Enter username [Administrator@vsphere.local]:
Enter password:
certool.cfg file exists, Do you wish to reconfigure : Option[Y/N] ? : N
You are going to regenerate Root Certificate and all other certificates using VMCA
Continue operation : Option[Y/N] ? : Y
Get site nameCompleted [Replacing Machine SSL Cert…]
first
Lookup all services

..
<OUTPUT OMMITED… Its really long>
..
..
Updated 30 service(s)
Status : 60% Completed [Replace vpxd-extension Cert…]
2021-06-04T18:47:54.660Z Updating certificate for “com.vmware.vim.eam” extension
2021-06-04T18:47:54.793Z Updating certificate for “com.vmware.rbd” extension
Status : 100% Completed [All tasks completed successfully]

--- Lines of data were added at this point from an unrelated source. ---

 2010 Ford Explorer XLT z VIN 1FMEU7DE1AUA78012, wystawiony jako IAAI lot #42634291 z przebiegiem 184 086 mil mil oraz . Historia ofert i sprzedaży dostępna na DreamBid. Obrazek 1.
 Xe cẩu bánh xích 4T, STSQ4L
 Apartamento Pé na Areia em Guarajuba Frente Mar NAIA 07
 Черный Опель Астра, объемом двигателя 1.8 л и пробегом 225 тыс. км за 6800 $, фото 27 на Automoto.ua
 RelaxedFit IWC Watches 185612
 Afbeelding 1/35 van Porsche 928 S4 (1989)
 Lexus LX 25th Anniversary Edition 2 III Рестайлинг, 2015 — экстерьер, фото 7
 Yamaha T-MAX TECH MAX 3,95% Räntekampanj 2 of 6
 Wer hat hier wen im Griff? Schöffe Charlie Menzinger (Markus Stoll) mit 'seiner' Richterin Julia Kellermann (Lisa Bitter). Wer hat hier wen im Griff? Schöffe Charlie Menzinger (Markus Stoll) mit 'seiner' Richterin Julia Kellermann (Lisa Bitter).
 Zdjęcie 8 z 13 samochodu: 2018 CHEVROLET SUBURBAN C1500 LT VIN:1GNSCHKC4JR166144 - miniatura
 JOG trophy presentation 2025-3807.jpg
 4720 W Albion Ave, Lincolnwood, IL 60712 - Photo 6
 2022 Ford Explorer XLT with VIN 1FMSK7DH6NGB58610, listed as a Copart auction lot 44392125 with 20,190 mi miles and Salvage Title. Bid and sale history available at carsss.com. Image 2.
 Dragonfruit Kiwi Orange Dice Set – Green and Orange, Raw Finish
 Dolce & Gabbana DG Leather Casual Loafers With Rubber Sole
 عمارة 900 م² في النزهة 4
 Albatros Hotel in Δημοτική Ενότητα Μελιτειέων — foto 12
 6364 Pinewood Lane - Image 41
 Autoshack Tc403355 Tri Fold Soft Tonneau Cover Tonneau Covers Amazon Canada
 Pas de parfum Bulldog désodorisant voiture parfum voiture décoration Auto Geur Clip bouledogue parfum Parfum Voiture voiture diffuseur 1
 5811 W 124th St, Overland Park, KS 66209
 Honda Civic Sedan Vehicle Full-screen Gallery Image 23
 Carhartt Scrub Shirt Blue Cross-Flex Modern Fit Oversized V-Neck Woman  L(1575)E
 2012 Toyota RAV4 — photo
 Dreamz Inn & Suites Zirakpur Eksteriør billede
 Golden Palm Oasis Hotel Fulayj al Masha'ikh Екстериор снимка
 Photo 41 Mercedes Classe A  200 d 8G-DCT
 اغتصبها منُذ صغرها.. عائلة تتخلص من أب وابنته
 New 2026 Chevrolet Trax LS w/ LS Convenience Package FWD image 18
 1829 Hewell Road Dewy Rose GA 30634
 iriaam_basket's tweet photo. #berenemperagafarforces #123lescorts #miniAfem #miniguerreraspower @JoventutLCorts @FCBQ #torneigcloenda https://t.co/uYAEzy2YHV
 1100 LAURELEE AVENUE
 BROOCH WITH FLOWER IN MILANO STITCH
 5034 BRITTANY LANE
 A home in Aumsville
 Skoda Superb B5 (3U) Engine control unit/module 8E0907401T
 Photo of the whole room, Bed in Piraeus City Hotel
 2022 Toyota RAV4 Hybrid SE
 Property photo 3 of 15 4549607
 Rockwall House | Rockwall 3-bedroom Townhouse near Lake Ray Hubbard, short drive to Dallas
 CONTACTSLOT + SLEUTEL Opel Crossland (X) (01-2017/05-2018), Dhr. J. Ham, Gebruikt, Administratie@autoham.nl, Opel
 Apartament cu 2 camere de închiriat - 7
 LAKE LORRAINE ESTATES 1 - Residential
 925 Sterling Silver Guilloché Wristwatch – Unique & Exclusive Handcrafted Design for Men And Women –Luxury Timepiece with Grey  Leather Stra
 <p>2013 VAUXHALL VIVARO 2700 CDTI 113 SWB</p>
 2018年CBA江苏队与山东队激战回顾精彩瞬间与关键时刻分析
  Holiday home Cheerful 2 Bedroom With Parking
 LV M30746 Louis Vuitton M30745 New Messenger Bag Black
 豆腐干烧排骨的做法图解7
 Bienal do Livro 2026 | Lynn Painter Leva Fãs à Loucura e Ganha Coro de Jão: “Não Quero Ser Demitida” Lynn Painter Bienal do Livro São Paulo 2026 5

In the Certificate manager, I chose option #4: “Regenerate a new VMCA Root Certificate and replace all certificates”.

I also opted NOT to change certool.cfg.

You can verify that the certificates are up to date with the same one-liner:

root@photon-machine [ ~ ]# for i in $(/usr/lib/vmware-vmafd/bin/vecs-cli store list); do echo STORE $i; sudo /usr/lib/vmware-vmafd/bin/vecs-cli entry list --store $i --text | egrep "Alias|Not After"; done
STORE MACHINE_SSL_CERT
Alias : __MACHINE_CERT
Not After : Jun 4 18:31:22 2023 GMT
STORE TRUSTED_ROOTS
Alias : d4e4ecbbf3518a62ea540c98d9597736aa272452
Not After : Mar 1 07:46:37 2029 GMT
Alias : fb11bfcd4564c22dc29edc82c9ace481dc005f67
Not After : May 30 18:35:31 2031 GMT
Alias : dea59b8300f05778b7a84969cb35361743d1c79a
Not After : May 30 18:41:21 2031 GMT
STORE TRUSTED_ROOT_CRLS
Alias : 495493f7392f33f9dc49d46686ab127e81871905
Alias : 396e5cd0e11e74c3a233c0015954fce015829373
Alias : 4708735cea2c30c51747361977a0655265235e29
STORE machine
Alias : machine
Not After : Jun 4 18:37:53 2023 GMT
STORE vsphere-webclient
Alias : vsphere-webclient
Not After : Jun 4 18:37:53 2023 GMT
STORE vpxd
Alias : vpxd
Not After : Jun 4 18:37:54 2023 GMT
STORE vpxd-extension
Alias : vpxd-extension
Not After : Jun 4 18:37:54 2023 GMT
STORE SMS
Alias : sms_self_signed
Not After : Mar 7 08:07:34 2029 GMT
STORE BACKUP_STORE
Alias : bkp___MACHINE_CERT
Not After : Mar 6 19:46:40 2021 GMT
Alias : bkp_machine
Not After : Mar 6 07:38:20 2021 GMT
Alias : bkp_vsphere-webclient
Not After : Mar 6 07:38:27 2021 GMT
Alias : bkp_vpxd
Not After : Mar 6 07:38:33 2021 GMT
Alias : bkp_vpxd-extension
Not After : Mar 6 07:38:40 2021 GMT

Now if you try to log into your VCSA, your HTTP 503 error should be gone!